> _Provided information_
----

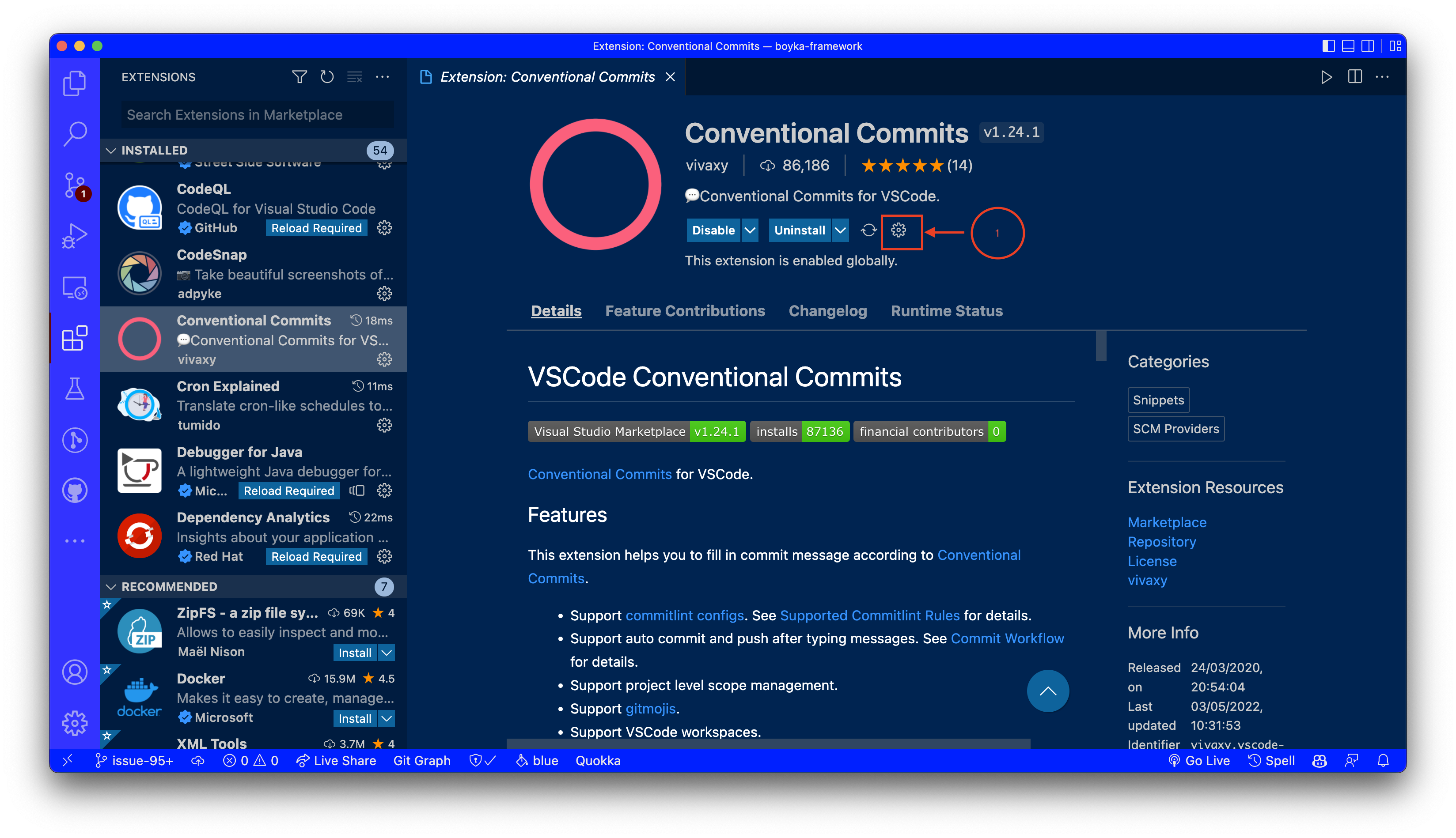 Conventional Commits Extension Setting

----

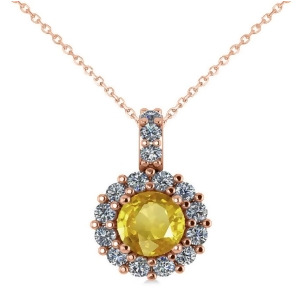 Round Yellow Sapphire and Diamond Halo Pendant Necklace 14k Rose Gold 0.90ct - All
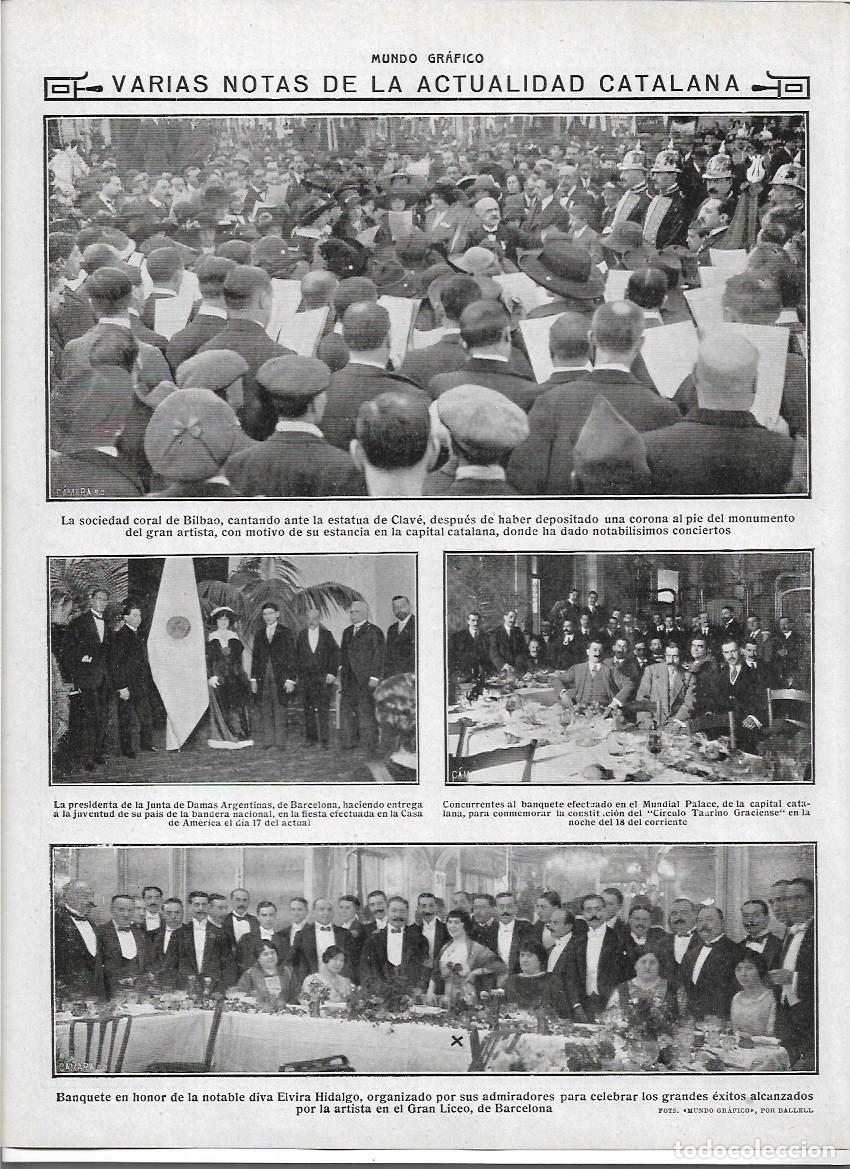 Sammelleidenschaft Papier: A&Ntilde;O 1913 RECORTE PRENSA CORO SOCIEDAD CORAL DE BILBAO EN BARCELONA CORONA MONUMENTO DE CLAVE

----

> _Try it_
Quote the data above exactly from the line with "Round Yellow Sapphire" to the line with "Sammelleidenschaft Papier: A&Ntilde;O", both ends counted, and nothing else. Pictures don't go in.

> _Reply to the task_
 Round Yellow Sapphire and Diamond Halo Pendant Necklace 14k Rose Gold 0.90ct - All
 Sammelleidenschaft Papier: A&Ntilde;O 1913 RECORTE PRENSA CORO SOCIEDAD CORAL DE BILBAO EN BARCELONA CORONA MONUMENTO DE CLAVE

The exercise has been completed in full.